Task brief —
Repeat precisely the span of lines below that opens with the line containing "Blood Bags-Kevin Curtis-Framed" and closes with the line containing "Flawless Finish Everyday", both included.

Extracted material —
────

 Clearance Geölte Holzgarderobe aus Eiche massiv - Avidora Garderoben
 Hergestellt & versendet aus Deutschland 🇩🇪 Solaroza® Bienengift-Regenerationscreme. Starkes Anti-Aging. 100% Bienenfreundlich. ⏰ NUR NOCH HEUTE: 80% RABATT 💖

────

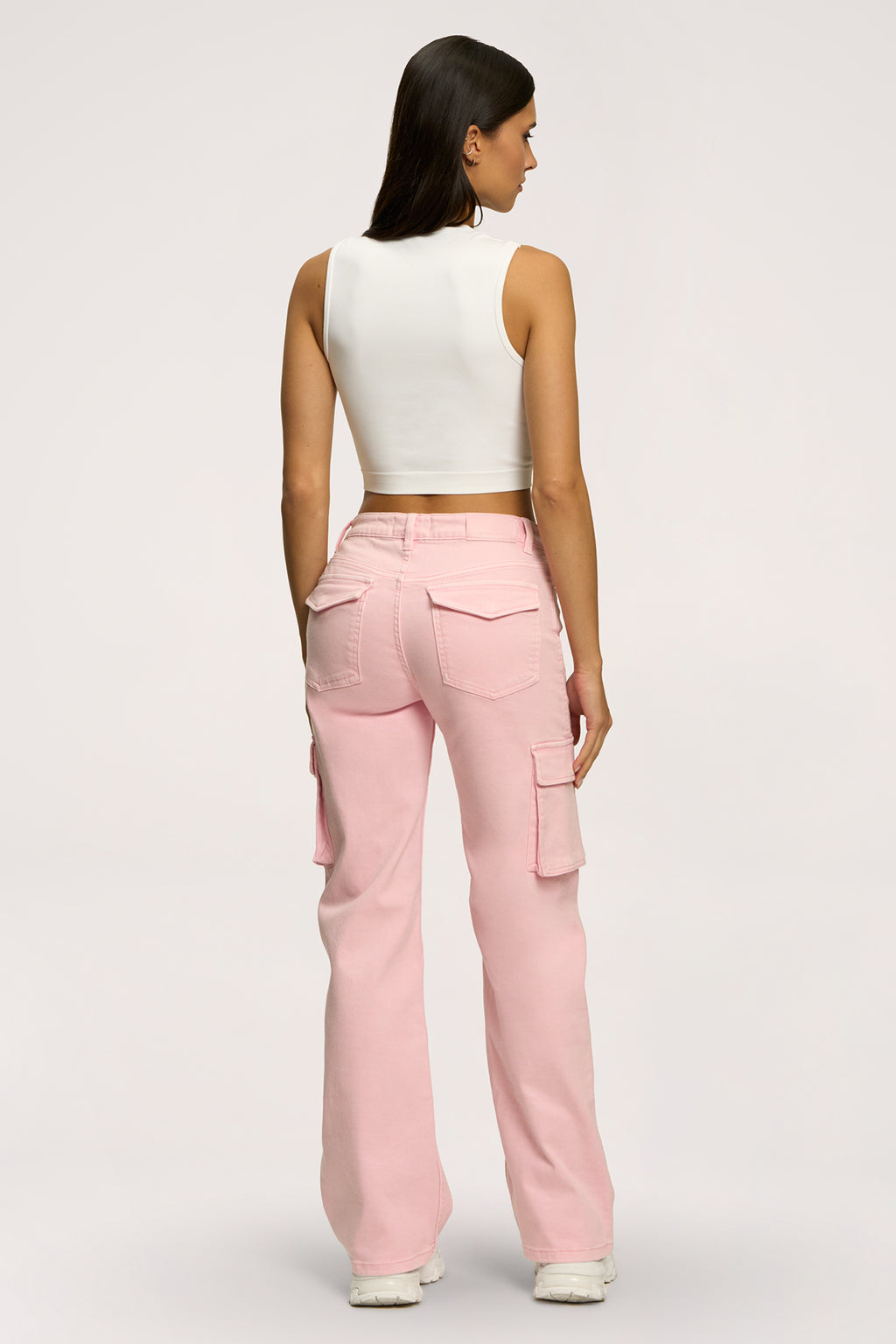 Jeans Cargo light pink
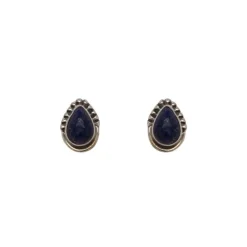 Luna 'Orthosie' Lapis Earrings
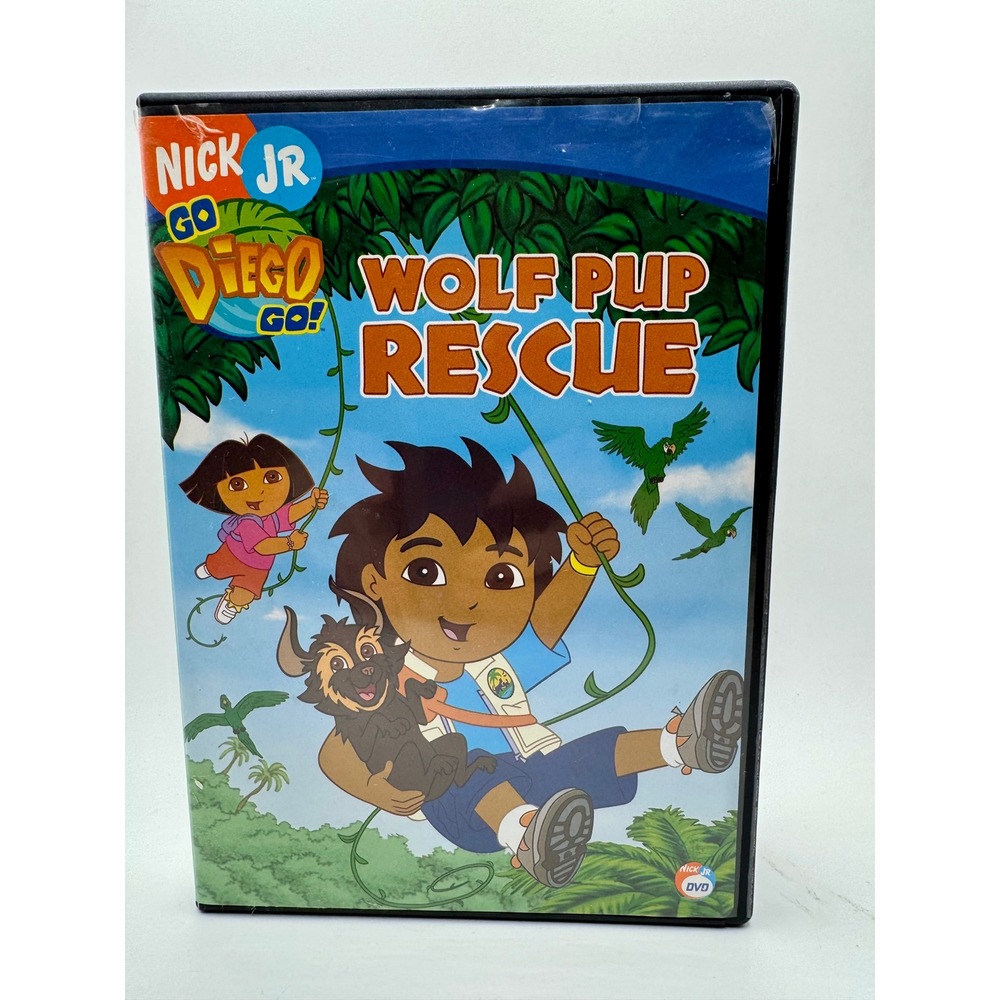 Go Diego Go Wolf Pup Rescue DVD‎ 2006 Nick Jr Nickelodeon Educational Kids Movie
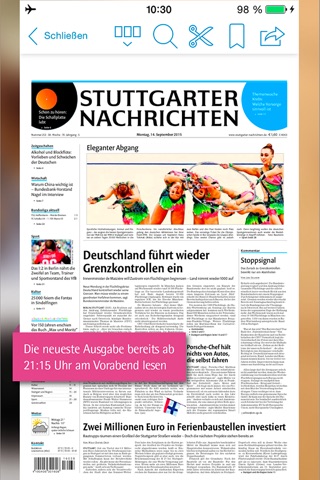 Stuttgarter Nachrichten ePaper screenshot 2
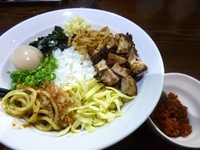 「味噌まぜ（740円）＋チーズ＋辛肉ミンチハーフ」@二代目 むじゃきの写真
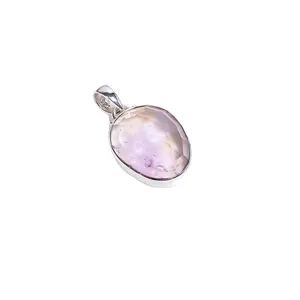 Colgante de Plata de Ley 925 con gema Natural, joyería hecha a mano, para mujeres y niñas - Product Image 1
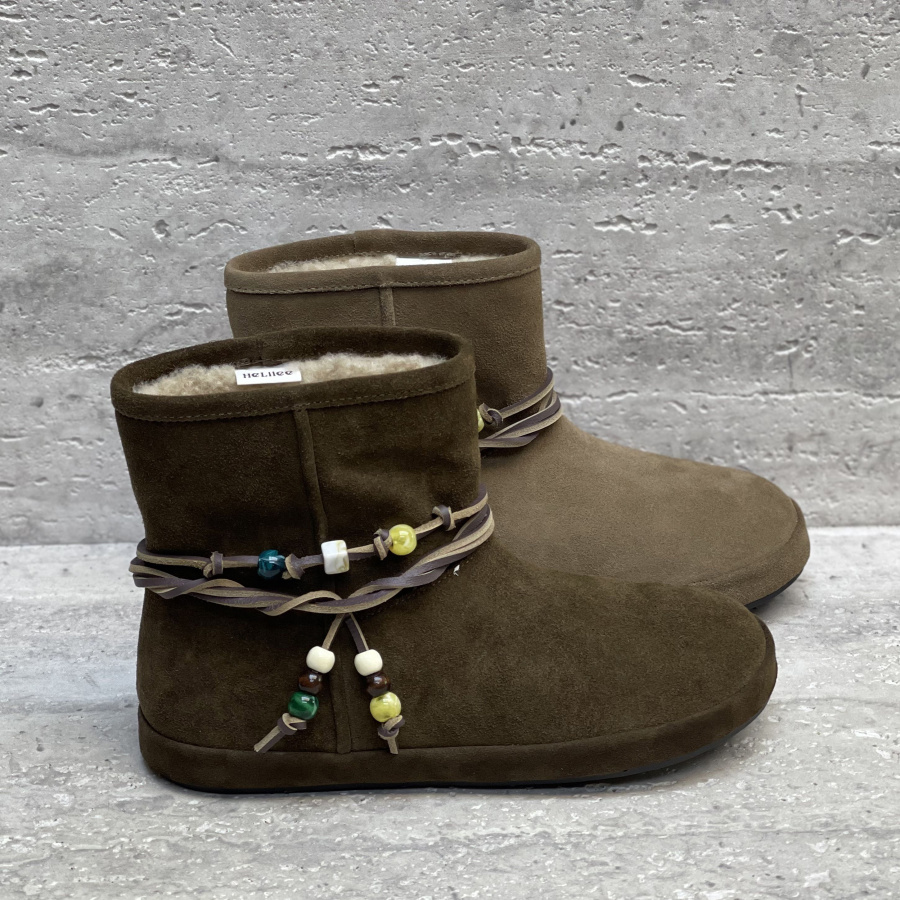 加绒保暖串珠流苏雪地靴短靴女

────

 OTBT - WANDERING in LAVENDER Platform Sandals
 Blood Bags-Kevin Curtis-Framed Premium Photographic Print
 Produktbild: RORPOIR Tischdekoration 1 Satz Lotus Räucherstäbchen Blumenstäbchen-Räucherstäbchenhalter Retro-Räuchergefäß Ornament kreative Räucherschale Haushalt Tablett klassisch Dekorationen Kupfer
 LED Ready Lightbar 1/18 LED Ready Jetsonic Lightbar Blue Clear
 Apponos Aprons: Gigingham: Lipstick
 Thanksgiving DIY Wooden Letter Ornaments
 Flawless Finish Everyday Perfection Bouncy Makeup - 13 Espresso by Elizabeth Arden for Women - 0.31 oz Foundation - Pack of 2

────

Result for this exercise —
 Blood Bags-Kevin Curtis-Framed Premium Photographic Print
 Produktbild: RORPOIR Tischdekoration 1 Satz Lotus Räucherstäbchen Blumenstäbchen-Räucherstäbchenhalter Retro-Räuchergefäß Ornament kreative Räucherschale Haushalt Tablett klassisch Dekorationen Kupfer
 LED Ready Lightbar 1/18 LED Ready Jetsonic Lightbar Blue Clear
 Apponos Aprons: Gigingham: Lipstick
 Thanksgiving DIY Wooden Letter Ornaments
 Flawless Finish Everyday Perfection Bouncy Makeup - 13 Espresso by Elizabeth Arden for Women - 0.31 oz Foundation - Pack of 2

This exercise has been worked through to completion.